O mundo mudou, o país mudou e o Entroncamento também, e muito. E de onde eu vejo com mais nitidez todas estas mudanças, as que vejo e sinto na nossa cidade, as que capto nas minhas itinerâncias pelo país e pelo que reparo no mundo, percebo-as da praça, o belíssimo logradouro que na cidade honra o nome do grande capitão Salgueiro Maia. Por aqui passa o novíssimo Entroncamento, que parece tão diferente, mas que talvez não seja mais do que o Entroncamento de sempre, mas num plano e a um nível e uma escala diferentes.

Em caminhada, e antes de chegar à praça, para os lados de ande antes havia a Quinta da Capela e um vasto laranjal, hoje restaurado em artérias, rotundas e amplos passeios, percebo que uma boa vintena de novos concidadãos se empenha numa estranha competição que, pelos adereços utilizados, me parece ser cricket de rua, em versão informal, mas que está longe de anestesiar o entusiasmo dos batedores e rebatedores com os seus bastões.

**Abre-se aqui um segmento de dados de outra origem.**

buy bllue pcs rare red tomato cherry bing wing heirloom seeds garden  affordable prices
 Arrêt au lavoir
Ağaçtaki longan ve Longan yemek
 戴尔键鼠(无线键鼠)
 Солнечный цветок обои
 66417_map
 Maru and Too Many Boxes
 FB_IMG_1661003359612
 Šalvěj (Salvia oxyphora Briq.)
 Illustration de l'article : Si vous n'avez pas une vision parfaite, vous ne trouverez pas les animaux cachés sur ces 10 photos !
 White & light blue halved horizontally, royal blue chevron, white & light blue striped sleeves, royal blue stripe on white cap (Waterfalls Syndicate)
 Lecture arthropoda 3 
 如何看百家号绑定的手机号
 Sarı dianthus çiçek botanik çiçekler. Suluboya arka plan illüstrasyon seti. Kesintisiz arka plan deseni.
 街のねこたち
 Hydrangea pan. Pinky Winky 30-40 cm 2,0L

Percebo também que há uma evidente uniformidade étnica nos seus praticantes, homens, ainda jovens, de altura mediana, uma língua estranha que acompanha as corridas e sublinha a excitação das jogadas, e sobretudo uma fisionomia que sugere, sem grandes dúvidas, a sua origem no Industão, o sub-continente no sul da Ásia, aliás são da Índia alguns dos mais exímios praticantes da modalidade, o que ajuda a entender a sua devoção pela modalidade que aí é bastante popular. Pelo caminho, num espaço aberto, eis alguns pequenos ´, brasileiros, o que se torna evidente tanto pelo pelo sotaque regional como pelo estilo exibido de futebol de rua, “brinca na areia”, apesar de o fazerem sobre uma dura plataforma urbana de cimento e lajes baratas.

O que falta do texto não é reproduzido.